[Supplied data Boundary: Start]

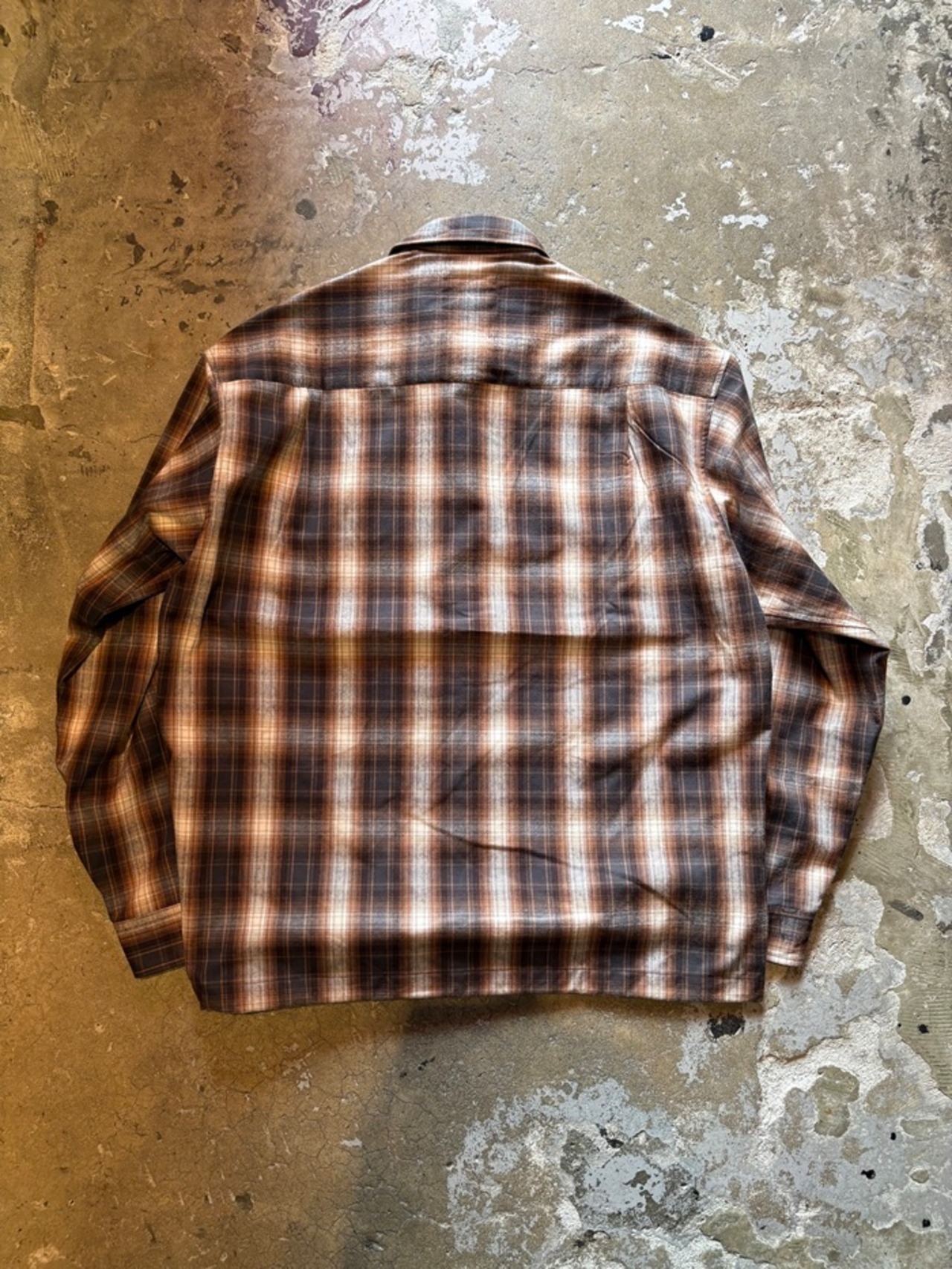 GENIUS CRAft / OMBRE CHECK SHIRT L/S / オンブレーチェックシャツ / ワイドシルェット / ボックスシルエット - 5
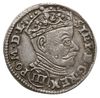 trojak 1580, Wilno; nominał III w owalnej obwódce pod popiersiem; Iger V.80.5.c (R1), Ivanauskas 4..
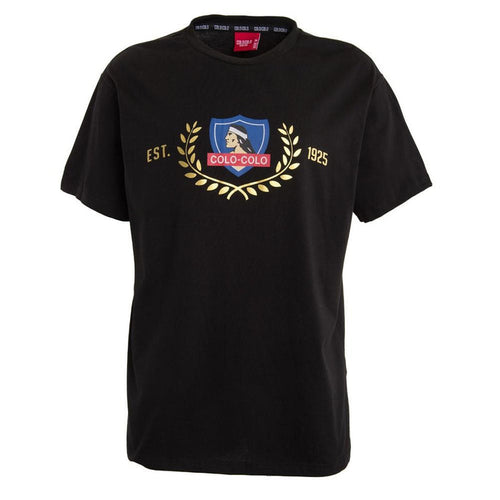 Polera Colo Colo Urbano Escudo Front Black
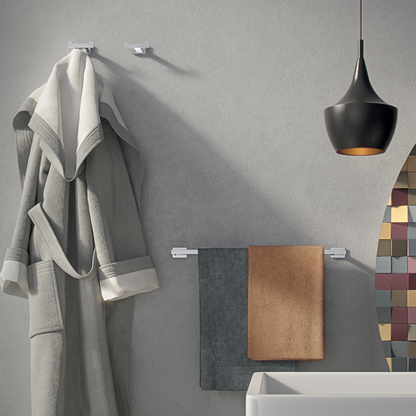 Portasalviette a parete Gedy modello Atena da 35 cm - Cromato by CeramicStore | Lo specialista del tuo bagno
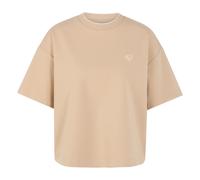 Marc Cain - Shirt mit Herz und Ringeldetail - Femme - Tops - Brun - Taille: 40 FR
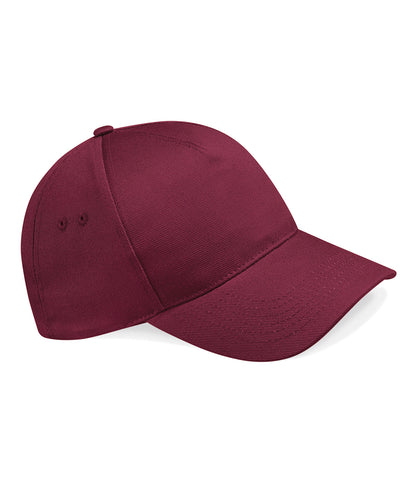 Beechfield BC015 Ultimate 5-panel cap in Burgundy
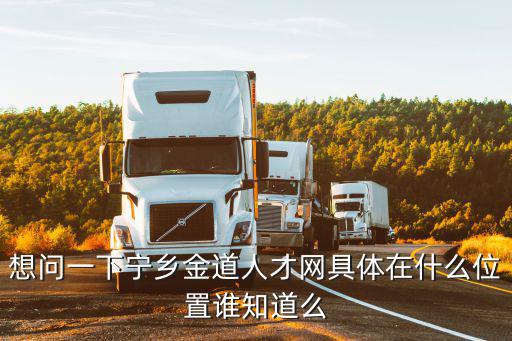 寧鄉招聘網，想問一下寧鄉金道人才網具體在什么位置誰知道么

[Supplied data Boundary: End]

Could you reproduce exactly, and only, the lines from the start of the records through the line containing "Marc Cain - Shirt", leaving out the pictures?

> [Problem solution]
 GENIUS CRAft / OMBRE CHECK SHIRT L/S / オンブレーチェックシャツ / ワイドシルェット / ボックスシルエット - 5
 trojak 1580, Wilno; nominał III w owalnej obwódce pod popiersiem; Iger V.80.5.c (R1), Ivanauskas 4..
 Polera Colo Colo Urbano Escudo Front Black
 Portasalviette a parete Gedy modello Atena da 35 cm - Cromato by CeramicStore | Lo specialista del tuo bagno
 Marc Cain - Shirt mit Herz und Ringeldetail - Femme - Tops - Brun - Taille: 40 FR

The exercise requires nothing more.